The relationship between al-Ahmar and Saleh extends to their youth, with Saleh’s mother having had a second marriage to al-Ahmar’s uncle. Though they are not half-brothers, this frequent, if mistaken reference, indicates their closeness. Al-Ahmar has long been considered either Saleh’s right-hand man or the country’s hidden president.
When the Nasserite party attempted to overthrow Saleh less than 100 days into his presidency, al-Ahmar defended him and quashed the coup. In 1994, his units put down a secessionist movement in the south.
However, as Saleh prepared the way for his son Ahmad — the head of the Presidential Guard — to succeed him, he began to marginalize al-Ahmar. In 2009, Saleh sacked al-Ahmar’s key backers, including Central Command Chief General al-Thahiri al-Shadadi and Lieutenant General Haydar al-Sanhani.
Al-Ahmar has also not benefited from the military aid that the US lavished on Yemen in the wake of al-Qaeda’s failed Christmas Day plot in 2009 to down a US airliner. While the Central Security Service, led by Saleh’s nephew Yahya, has received millions of US dollars to fight al-Qaeda in the Arabian Peninsula, al-Ahmar has been left out of the economic bonanza.
At the same time, al-Ahmar’s dismal performance in spearheading the war against the Houthi-led sectarian rebellion in the north made him a convenient scapegoat for the regime’s failures. The regime’s desire to get al-Ahmar out of the picture became clear during the last round of fighting against the Houthis in 2009-2010, when Saudi Arabia began bombing the rebels.
According to a US diplomatic cable released by WikiLeaks, Yemeni officials gave the Saudis the coordinates for al-Ahmar’s command center, telling them that it was a Houthi camp.
His relationship with Saleh frayed and his influence waning, al-Ahmar understood that his loyalty to Saleh had become a liability.
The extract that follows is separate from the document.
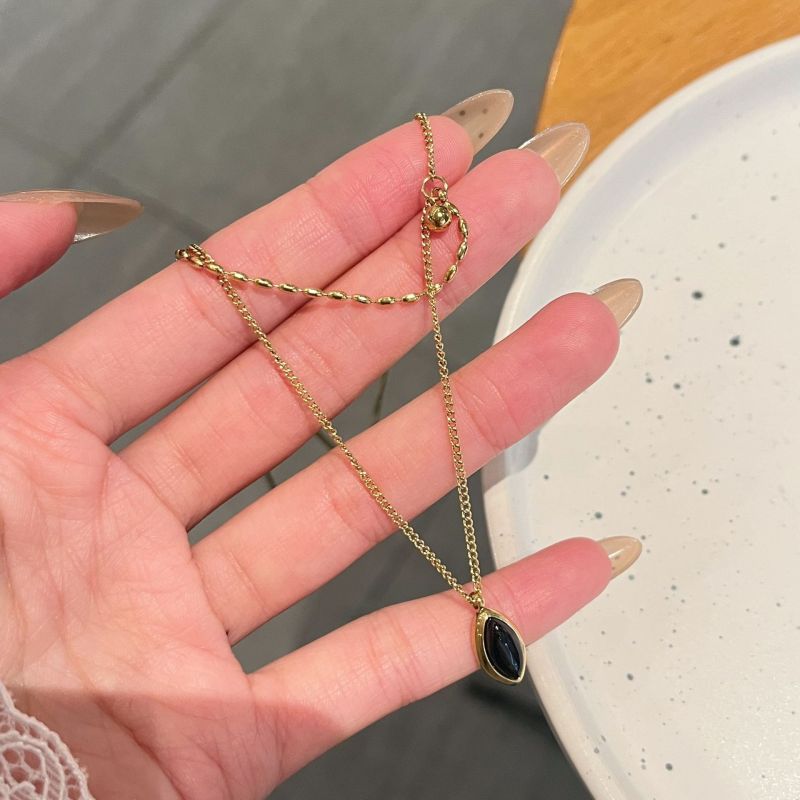 Stainless Steel European and American Vintage Retro French Oval Black Necklace Black Mirror Clavicle 18K Plated Color Retention Accessories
So his decision to abandon Saleh stemmed less from his love of the constitution and democracy than from his desire to even the score with the president and his son, with whom he has long clashed.
Al-Ahmar’s relationship with jihadists is a source of serious concern. He is married to the sister of Tariq al-Fadhli, a Yemeni who fought alongside al-Qaeda leader Osama bin Ladin in Afghanistan. When more than 4,000 Arabs returned from fighting the Soviets in Afghanistan, al-Ahmar organized them into units and deployed them in the 1994 civil war in Yemen.
One jihadist who trained in al-Qaeda’s camps and met bin Ladin, told me that upon his return from Afghanistan, he was invited to meet al-Ahmar’s associates and was given a monthly stipend. During a 1999 trial of Yemenis convicted of kidnapping 16 Europeans, it emerged that the group’s ringleader called al-Ahmar during the ordeal. Though his ties to jihadists may be expedient rather than ideological, they are deeply worrying.